**TASK**
Since pictures are not part of the copy, please output only the lines from the one with "Twisted Hoop Earrings in Gold" through the end of the data below, exactly as written.

**DATA EXTRACT**
*** Block opens ***
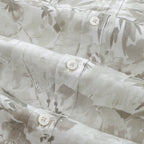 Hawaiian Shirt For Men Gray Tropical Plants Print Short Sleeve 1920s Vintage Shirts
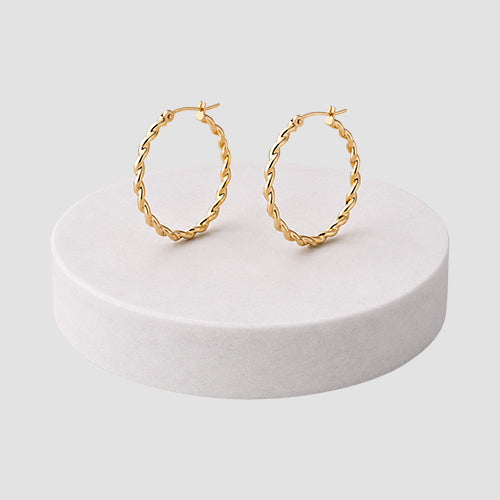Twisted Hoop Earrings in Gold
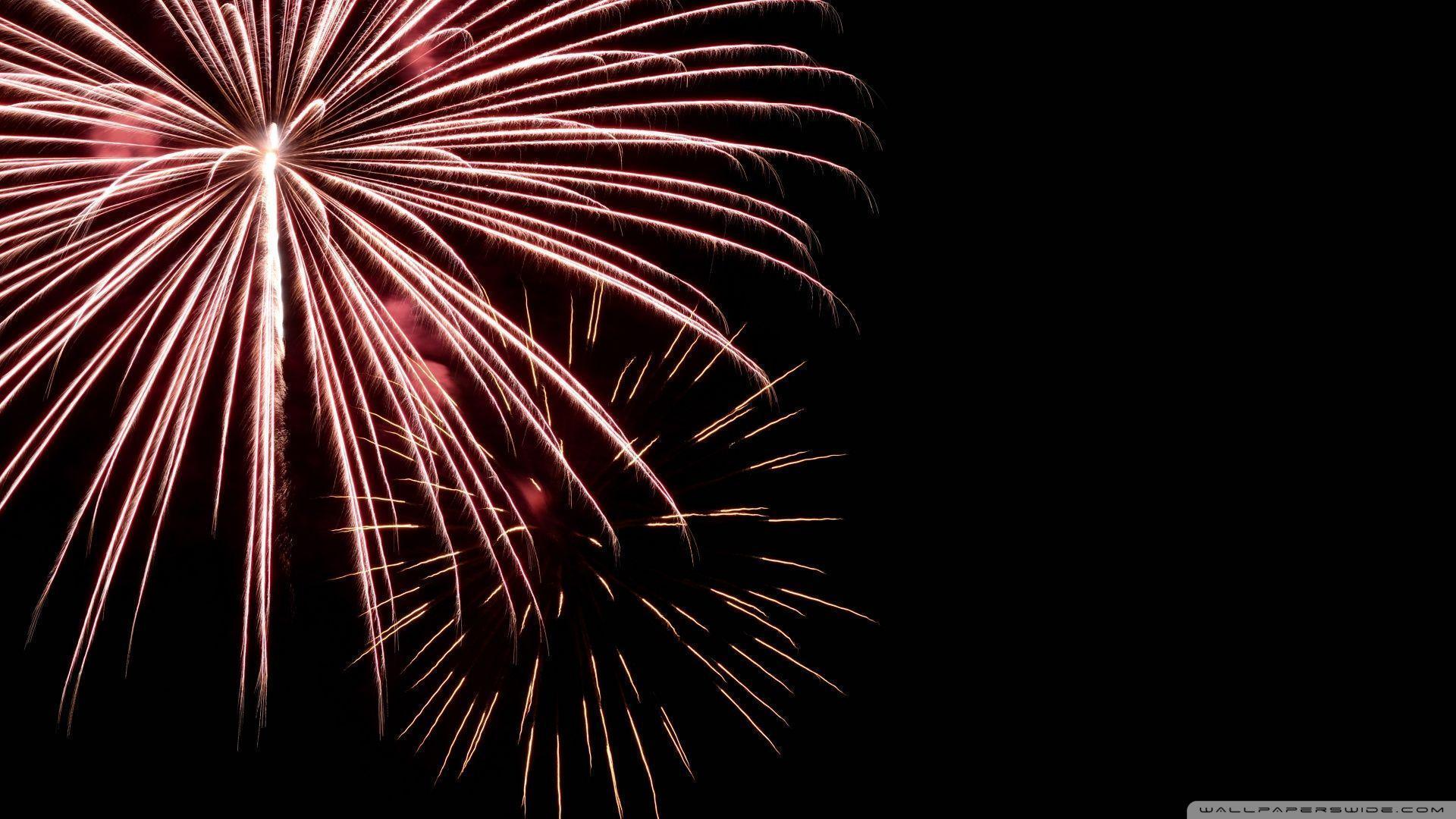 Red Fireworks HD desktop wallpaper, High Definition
*** Block closes ***
**SOLUTION FOR THIS EXERCISE**
Twisted Hoop Earrings in Gold
 Red Fireworks HD desktop wallpaper, High Definition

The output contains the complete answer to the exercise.